Instructions to follow: Repeat the data that follows verbatim. Images are not part of the copy.

(Excerpts from a dataset)
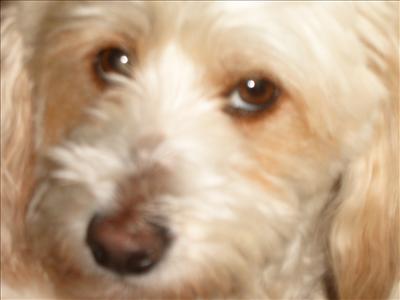 daisy
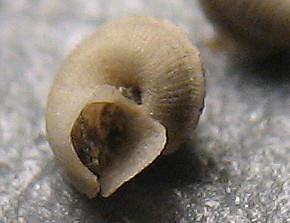 Anatoma aspera e  A. umbilicata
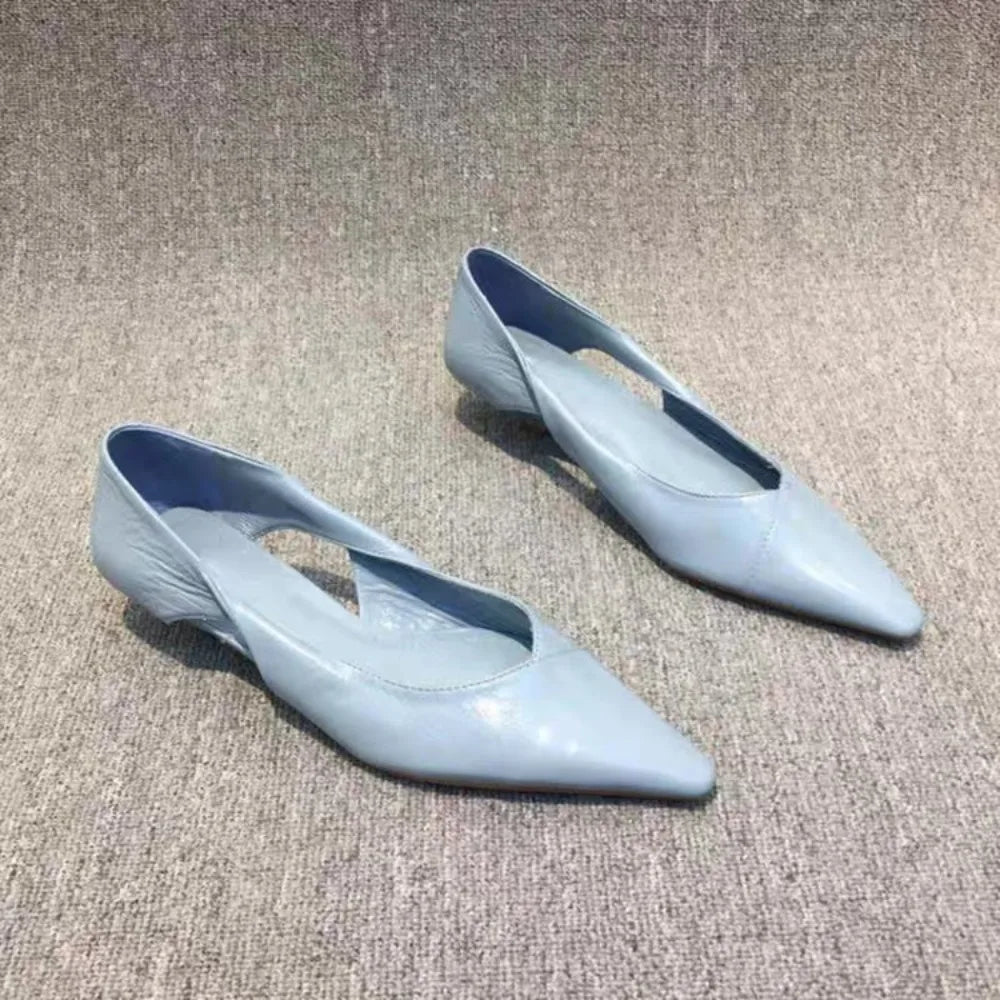 Blue Pointed Toe Low Heel Pumps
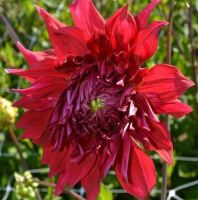 1 หัว/ชุด รักเร่ Dahlia Bulb สายพันธุ์ Creve Coeur หัวรักเร่ ดอกไม้ หัวหน่อ เหง้า นำเข้า เนเธอร์แลน หัวสดใหม่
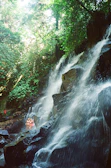 A couple exploring a hidden waterfall in a lush tropical forest.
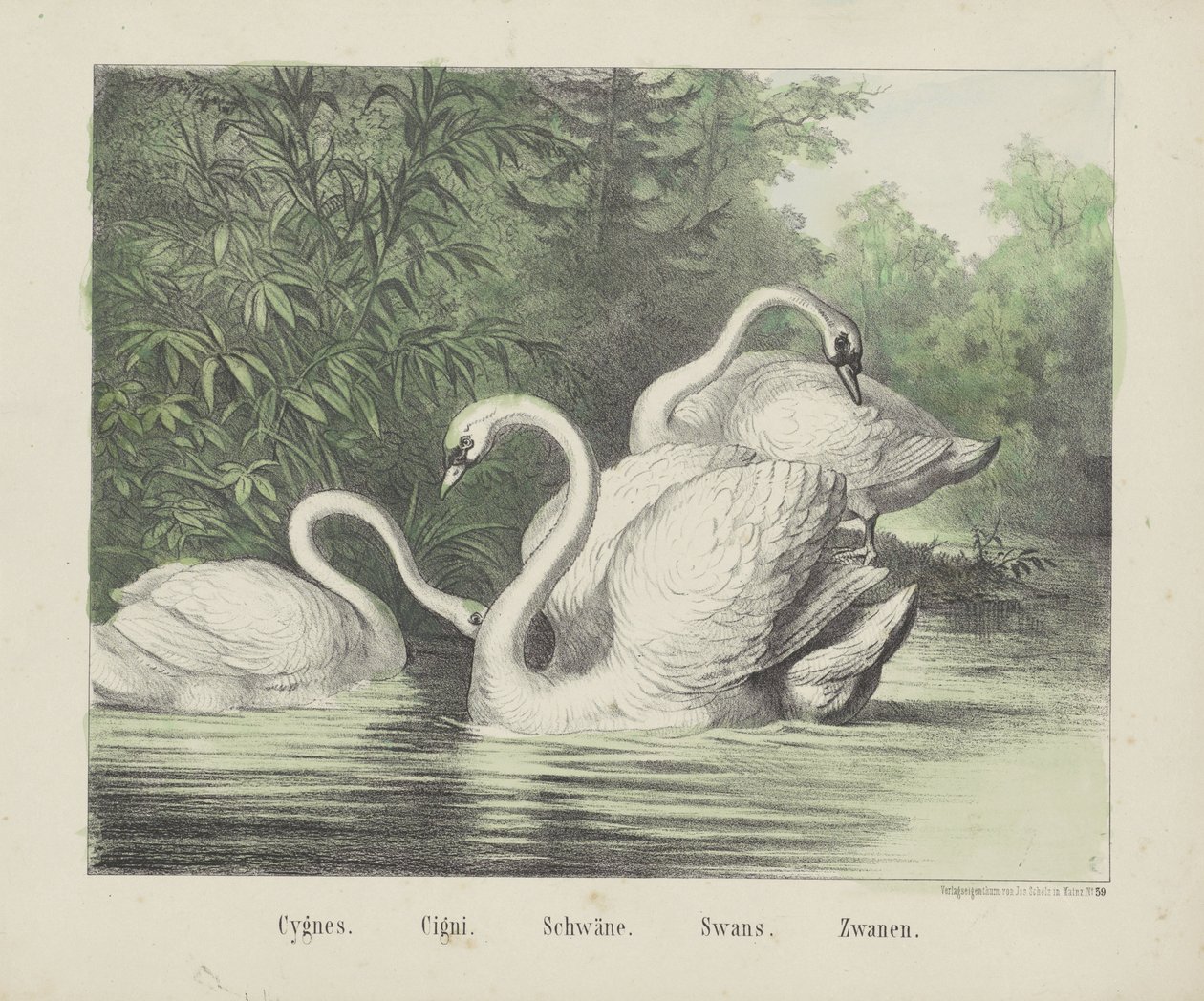 Svaner. / sigaretter. / Svaner. / Svaner. / Zwanen (tittel på objekt) av firma Joseph Scholz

Your response:
 daisy
 Anatoma aspera e  A. umbilicata
 Blue Pointed Toe Low Heel Pumps
 1 หัว/ชุด รักเร่ Dahlia Bulb สายพันธุ์ Creve Coeur หัวรักเร่ ดอกไม้ หัวหน่อ เหง้า นำเข้า เนเธอร์แลน หัวสดใหม่
 A couple exploring a hidden waterfall in a lush tropical forest.
 Svaner. / sigaretter. / Svaner. / Svaner. / Zwanen (tittel på objekt) av firma Joseph Scholz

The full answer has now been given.